By Carol / August 25, 2014 /
My granddaughter started kindergarten this past week. When she told her dad about her first day in school, she could barely contain herself.
- “Guess what? We played in the gym!”
- “Guess what? We had music class!”
- “Guess what? I met new friends!”
- “Guess what? I ate my lunch there!”
She had a truly awesome, magical first day.
As I thought about the joy and awe with which my granddaughter launched into school, I realized how seldom I feel that sense of magical awe anymore. When you are five, most things in your life are glorious, untarnished firsts. When you are sixty-five, firsts – when I have them – occur in the midst of days crammed with responsibilities and in the context of a lifetime of experiences that tinge awe with reality.
I know I have so many reasons for joy and awe. Yet, often I rush past them, thinking instead and ahead to the next meeting, the calls waiting to be answered, the blogs to be written, the host of responsibilities that crowd every day. As a result, I look past the moments of joy and awe while they’re happening rather than reveling in the moments.
Part of the answer for me, I think, is to be conscious of the need to slow down, to live, to breathe, to take joy in each moment. Then I also need to spend more time celebrating those precious moments.
I can learn from my granddaughter. Before school started, she lost her first tooth. She was over the moon. She wanted every picture I took to show she’d lost that tooth. When she visited this weekend, she had a second tooth on the verge of coming out. She is just as excited. We took pictures of the loose tooth, and I know we’ll take more pictures when the tooth is gone.
The launch events last month for my novel Go Away Home were amazing, joyful experiences.

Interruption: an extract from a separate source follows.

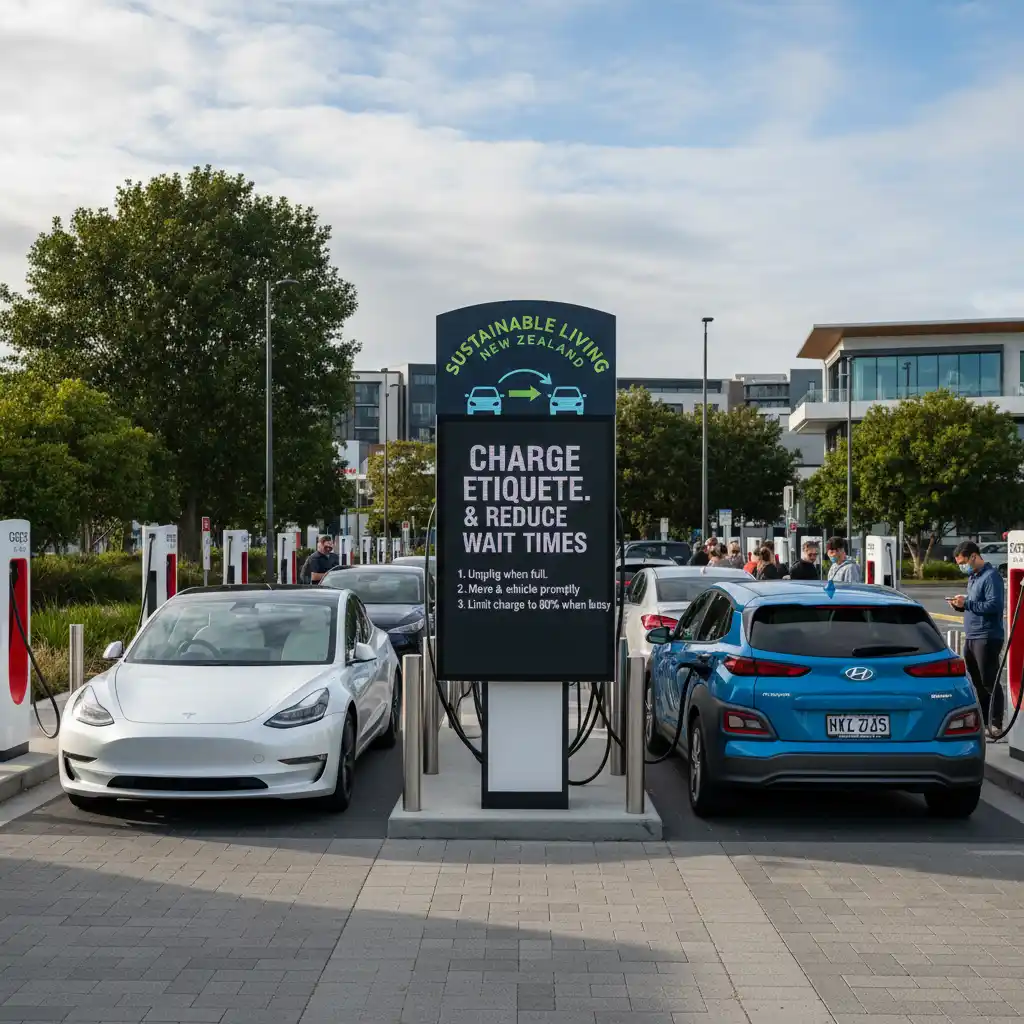 EV drivers practicing good charging etiquette at a public charging station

I did have to run from event to event, but after the last event, my husband, son and I went out to celebrate. They were so happy for me – I was so happy for me. Celebrating at the moment expanded the joy – and kept me from rushing right into thinking about the next task on the ‘to do’ list.
Holding on to the joy and reveling in the joy, ensure special moments remain special. They allow me to squeeze every drop of pleasure out of those precious moments in my life.
My wish for my granddaughter is to be able to experience that first-day-of-school, first-lost-tooth, first-time awe many, many times in her life.
My wish for me is to remember that there is joy to be experienced if I slow down and absorb it.
How about you? How do you keep a sense of joy and awe in your life?